Yerliye dayalı, rekabetçi ve yenilikçi üretim yapmamız şart. Çünkü ihracat yaptığımız sektörlerde
"yerlileşme oranı" düşük. Enerji hariç sanayide yerli üretimin katkı payını artıramazsak yine geçmiş yıllara döneriz. Yani, bu tabloyu tersine çevirmeden rahat nefes almamız mümkün değil. Bunun yolu da
yeni makro ekonomik çerçeve çizmekten geçiyor. İnanın, Orta Vadeli Program bunun karşılığı değil.
***
Başbakan
Erdoğan temkinli. Kontrollü büyümeden yana. Dış ticaret açığına, özellikle de cari açığa önlem alınmasını istiyor. Onun için yerli otomobil diye bastırıyor. Tasarruf istiyor. Ekonomiden sorumlu bakan
Zafer Çağlayan, korumacılıktan yana. Girdi tedarik sistemiyle, ihracat teşvikleri ve burnunu biraz yukarı çevirmiş kurla kapatacağı kadar cari açığı kapatmak derdinde.
Maliye Bakanı
Mehmet Şimşek, riske girmeden, kamu gelirlerini koruyarak, yüksek katma değerli ürünlere yönelmek ve rekabetçi olmak arzusunda. Hem kamuda hem özel sektörde esneklik temel kural.

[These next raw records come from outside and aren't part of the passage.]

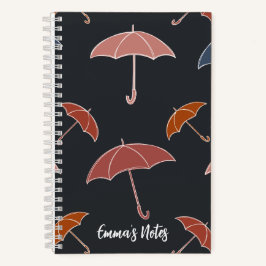 Umbrella Spiralnotebook | niedliches Herbstnoteboo Notizblock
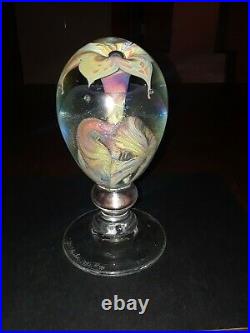 John Barber Large Art Glass Paperweight Sculpture Signed 6.5 inches Vintage 1982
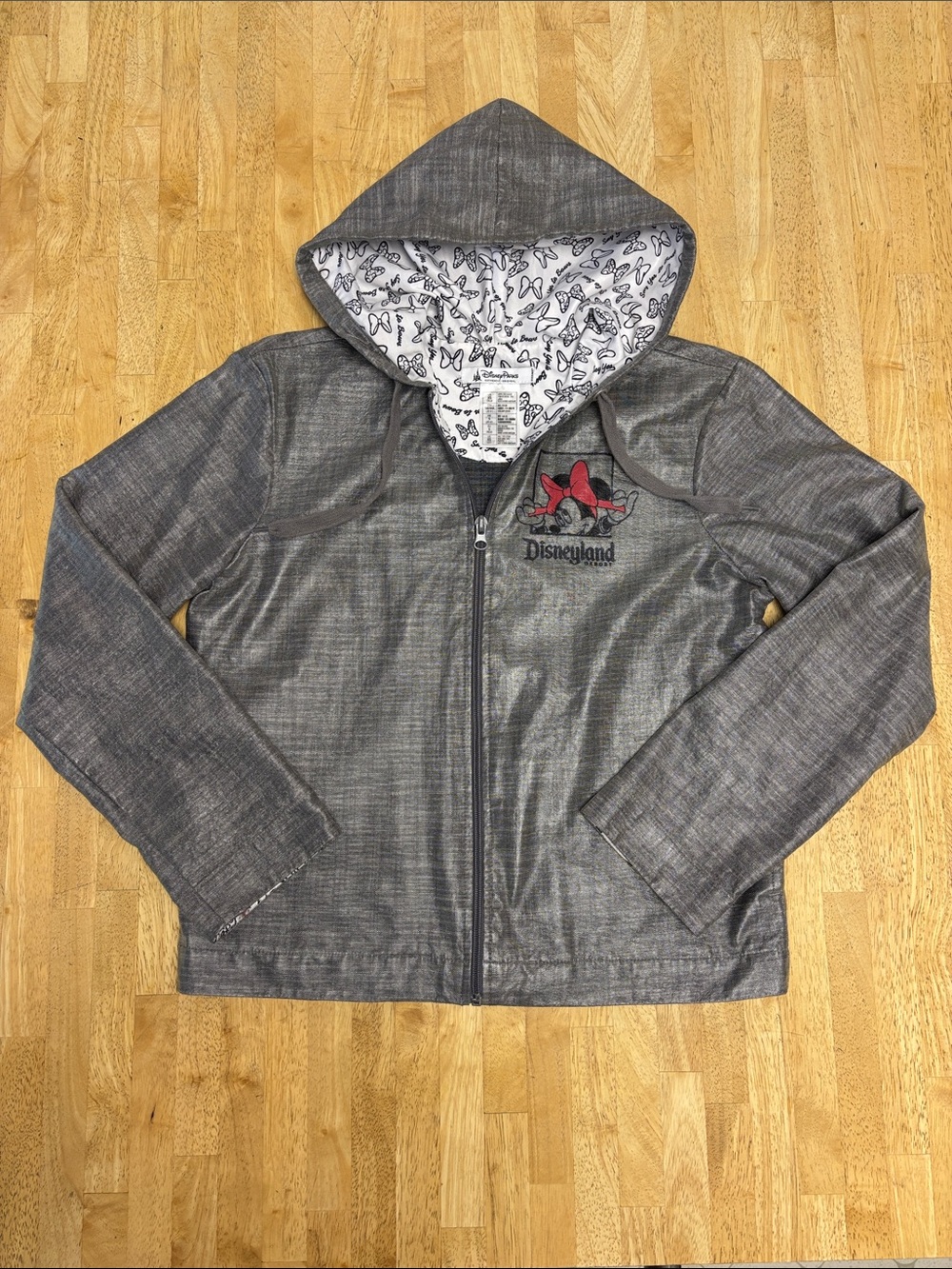 Disney Parks Minnie Mouse Grey Zip Up Hoodie Jacket XS Disneyland Chambray Bow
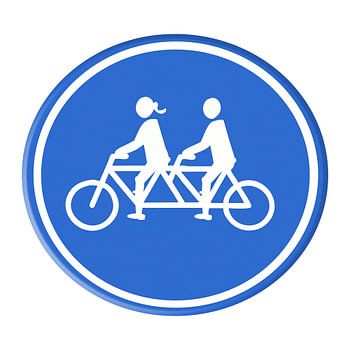 Panneau routier. Couple sur un tandem. Femme/homme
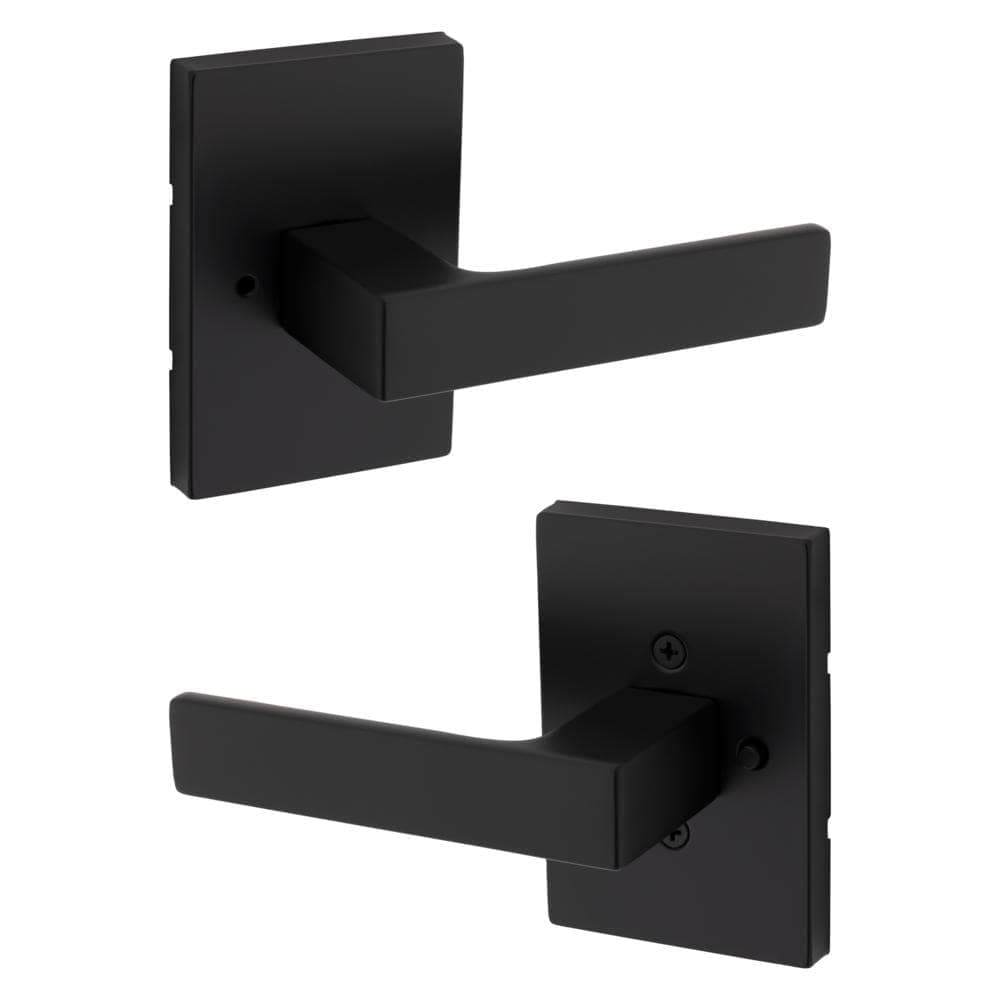 Kwikset Singapore Matte Black Rectangular Straight Bed/Bath Door Handle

Burada Başbakan Yardımcısı
Ali Babacan'ın konumu çok önemli.
Eğer makro ekonomik çerçeve değişirse, yaşanacak en büyük güçlük ekonominin değişen yapısına göre konulacak vergiler ama asıl sorun son kararnamelerle bankalar ve sermaye piyasasını kaybeden
Hazine Müsteşarlığı'nda. Yeni ekonomik çerçeveye uyumu başlı başına bir problem.